■ Activity
What is wanted is every line below from the one with "Lielo klientu vadītājs/-a" up to and including the one with "Scaun auto, Lionelo, i-Size", retyped exactly, pictures excluded, nothing else.

■ Available data
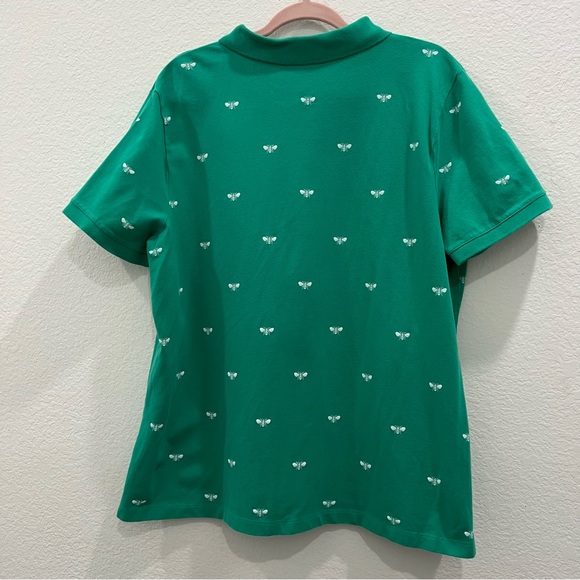 Lands’ End Women’s 1X Green Polo Knit Short Sleeve Shirt with White Bees - Picture 2 of 6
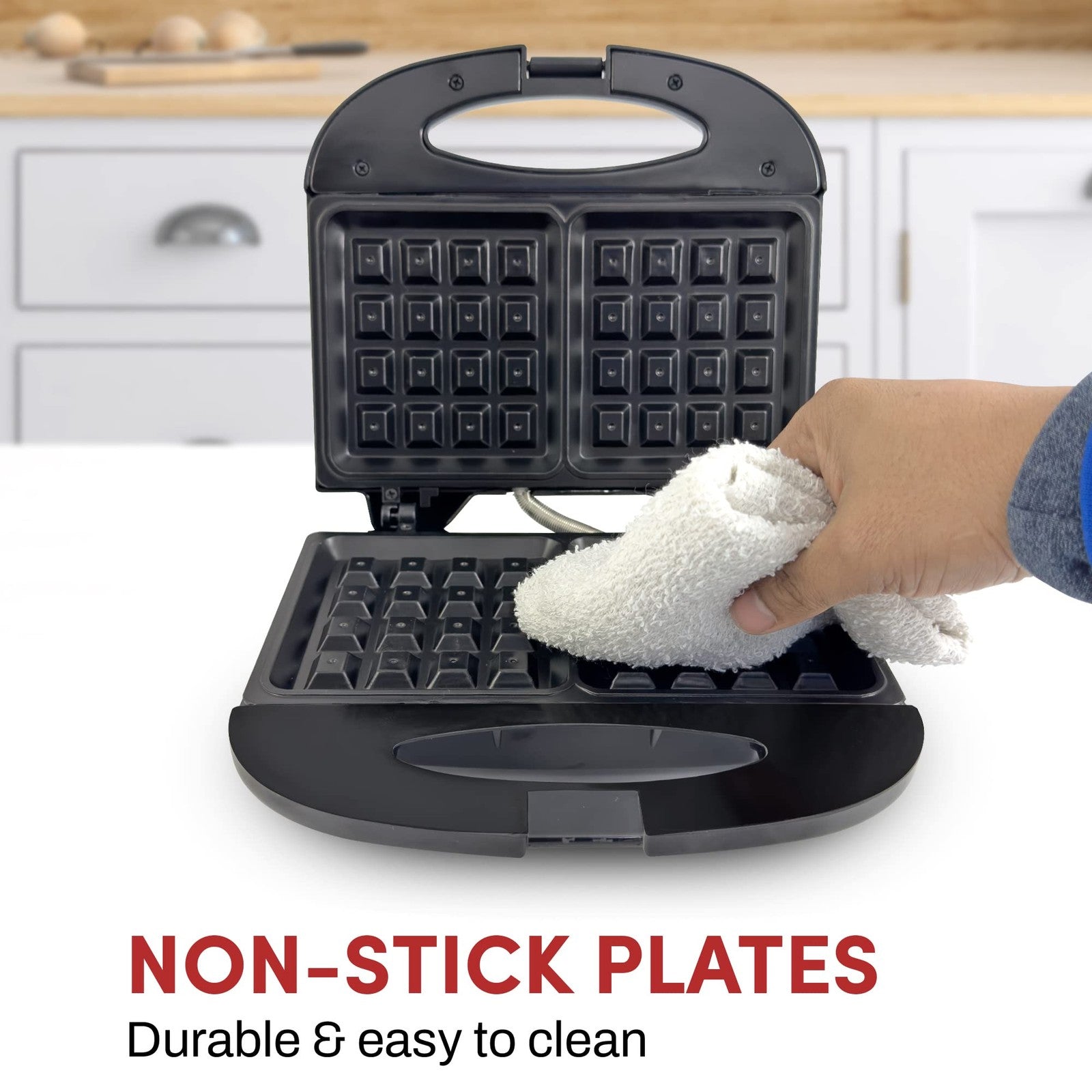 Black Nonstick Belgian Waffle Maker, 2 Slice, Compact Design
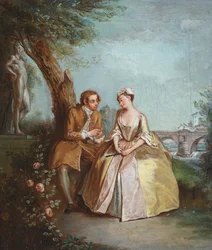 Samtalestykke, eller Elskere i en park, ca. 1727 (olje på lerret)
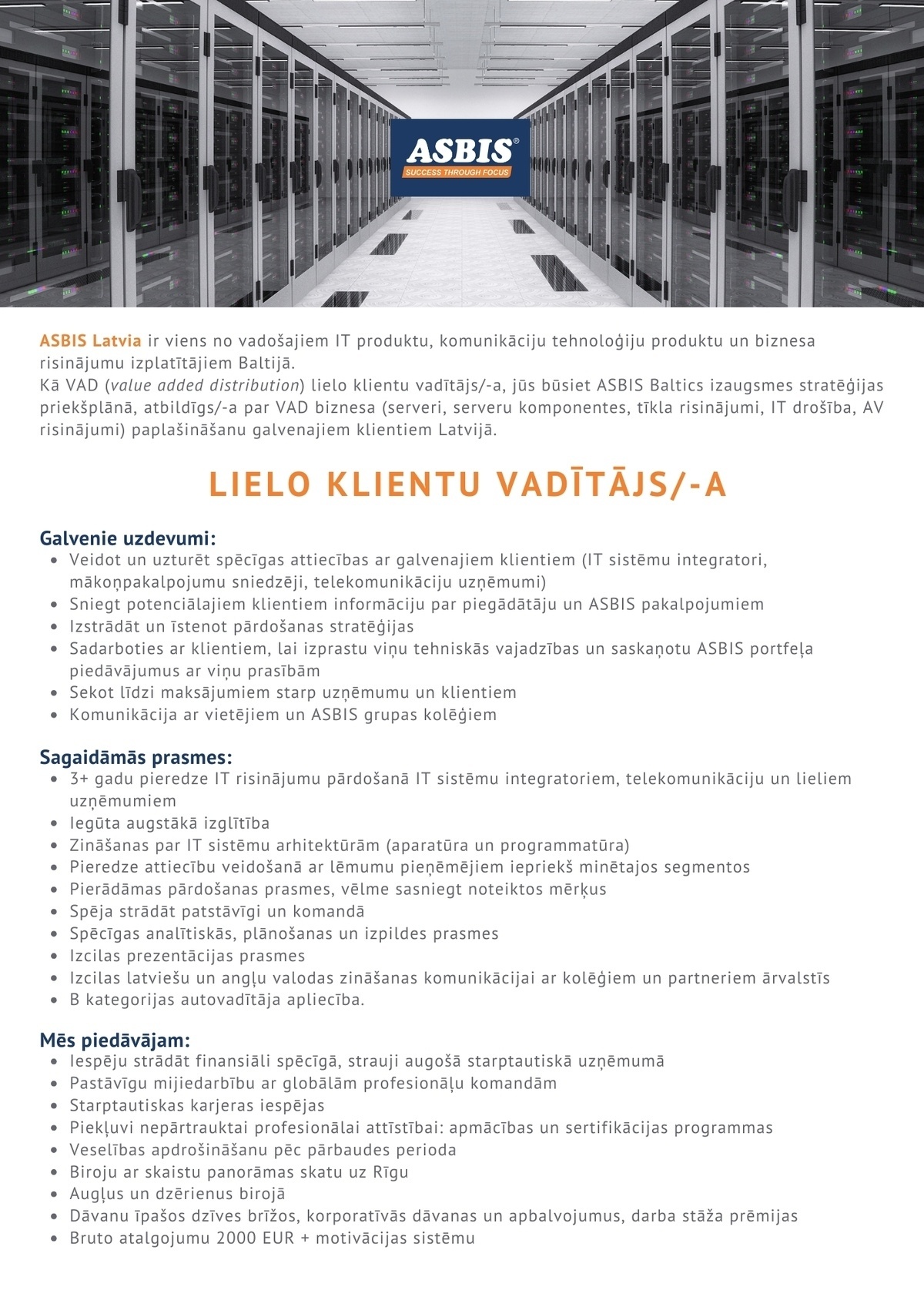 SAS "Manpower Lit" filiāle "Manpower Lit" Lielo klientu vadītājs/-a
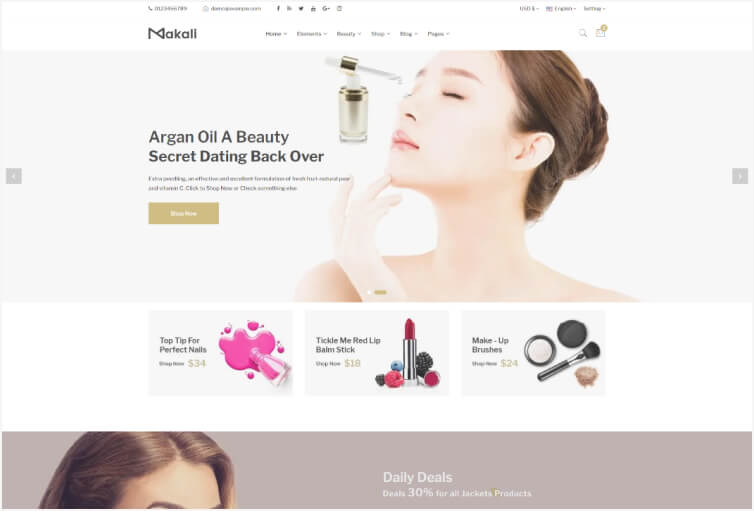 Makali – Cosmetics and Beauty eCommerce Bootstrap4 Template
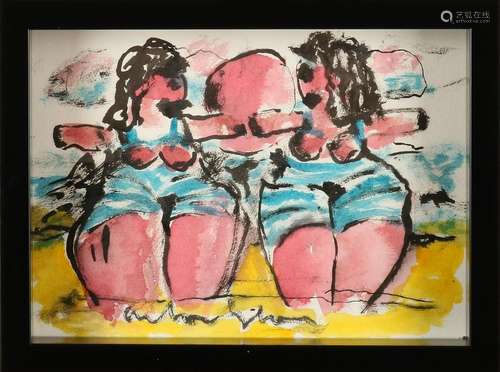 Anton Heyboer. 1924 - 2005. Big girls on beach. Oil on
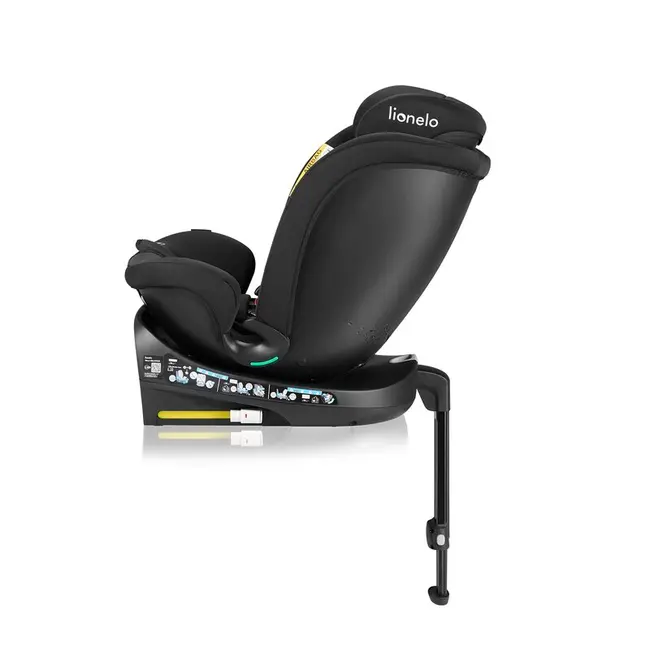 Scaun auto, Lionelo, i-Size Navy, 0-36 Kg, 40-150 cm, Cu isofix si picior de fixare, Protectie laterala, Rotire 360 grade, Ajustare spatar in 4 pozitii, Tetiera reglabila in 11 trepte, Conform cu R129, Negru BYNLO-NAVY_I-SIZE_BLACK_ONYX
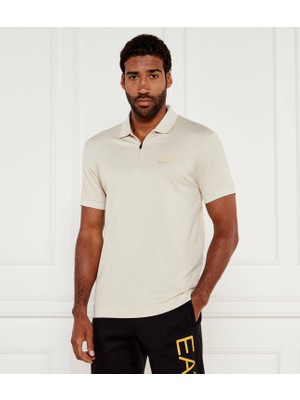 Erkek Polo Yaka Ea7 Yazı Desen Pamuklu Kısa Kol Krem Polo Yaka T-Shirt 7M000669 AF13739-U1086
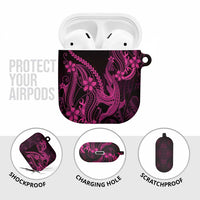 Pink Black Aloha Hawaii AirPods Case Polynesian Shark Tattoo With Plumeria - Polynesian Pride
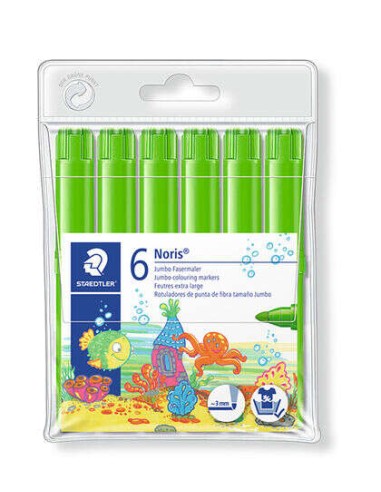 Staedtler Noris Watercolour 340 Pack de 6 Marcadores de Grande Tamanho - Traço 3mm Aprox - Facilmente Lavável - Tinta à Base de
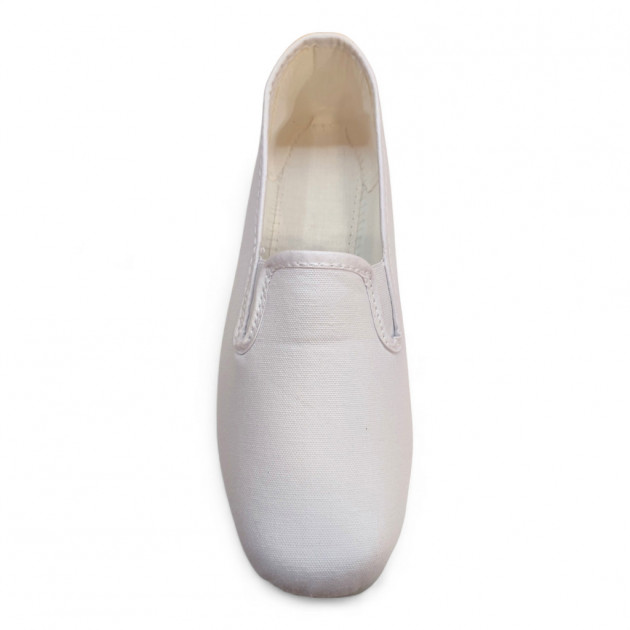Zapatillas lona elásticos blanca con pequeña cuña - 2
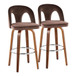Ava - Upholstered Fixed-Height Barstool (Set of 2) - Walnut Wood Base
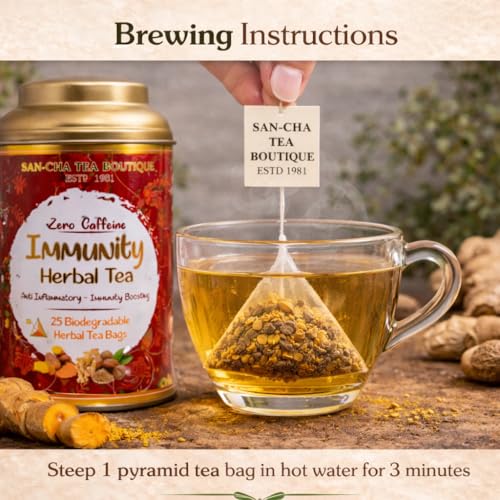 Image of Sancha Tea Boutique - Immunity Boost | 25 Pyramid Tea Bags | Superfood Turmeric Blend | Caffeine-Free Herbal Tisane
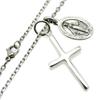 [Silver One] Sterling Silver 925 Miraculous Medal Virgin Mary & Cross Necklace Pendant Set with Chain for Men C1 [Length 50cm]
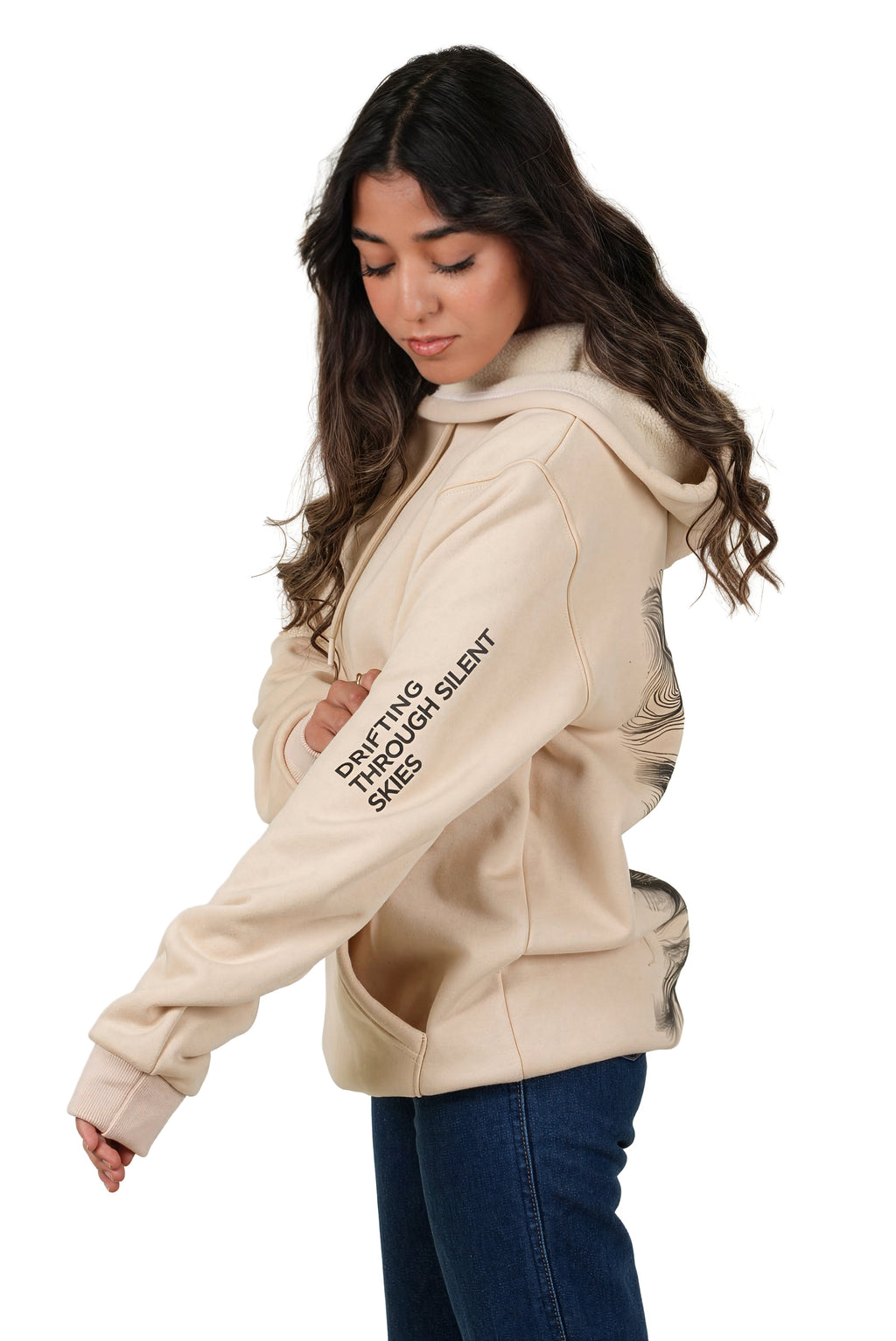 Beige "Drifting Through Silent Skies" Unisex Hoodie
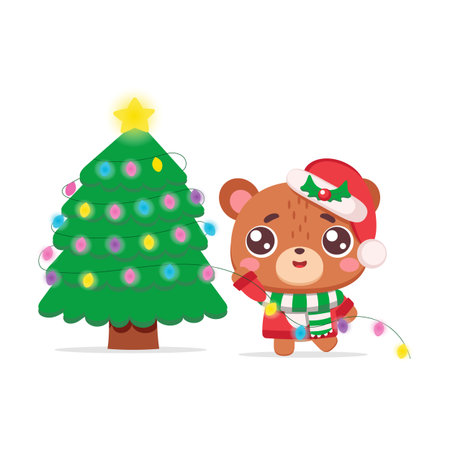 Christmas bear with decorated tree and garlandのイラスト素材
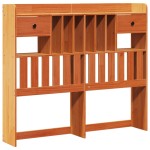 vidaXL Pat cu bibliotecă fără saltea maro 135x190 cm lemn masiv de pin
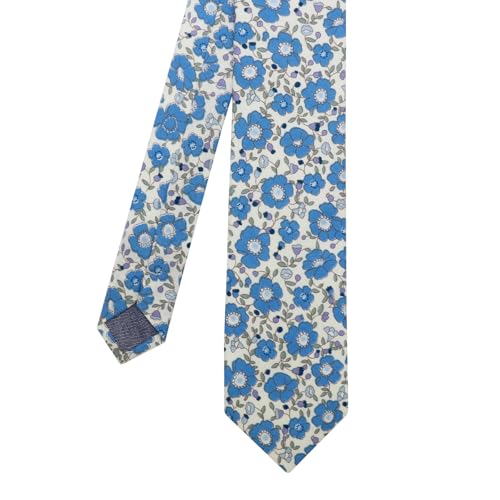 Image of Cotton Floral Ties for Men 2.76 inch Men's Skinny Tie Linen Flower Printed Neck Tie for Wedding Dating Party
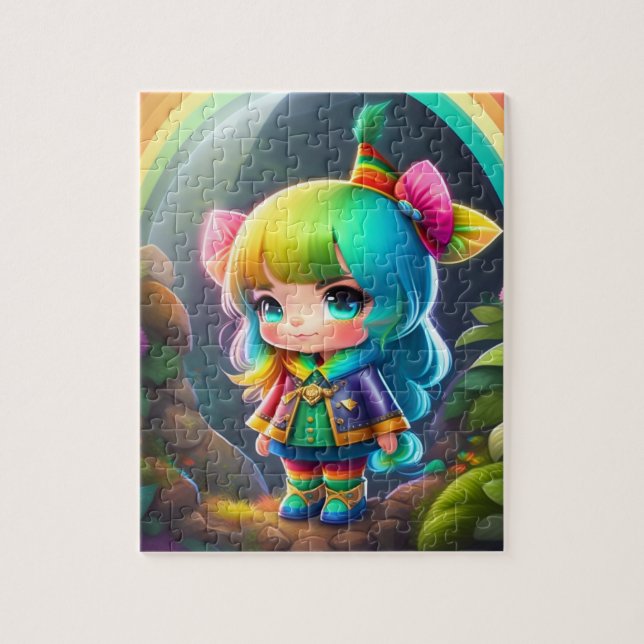 Puzzle Bella y colorida Chica de elfo (Vertical)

■ Written response
 SAS "Manpower Lit" filiāle "Manpower Lit" Lielo klientu vadītājs/-a
 Makali – Cosmetics and Beauty eCommerce Bootstrap4 Template
 Anton Heyboer. 1924 - 2005. Big girls on beach. Oil on
 Scaun auto, Lionelo, i-Size Navy, 0-36 Kg, 40-150 cm, Cu isofix si picior de fixare, Protectie laterala, Rotire 360 grade, Ajustare spatar in 4 pozitii, Tetiera reglabila in 11 trepte, Conform cu R129, Negru BYNLO-NAVY_I-SIZE_BLACK_ONYX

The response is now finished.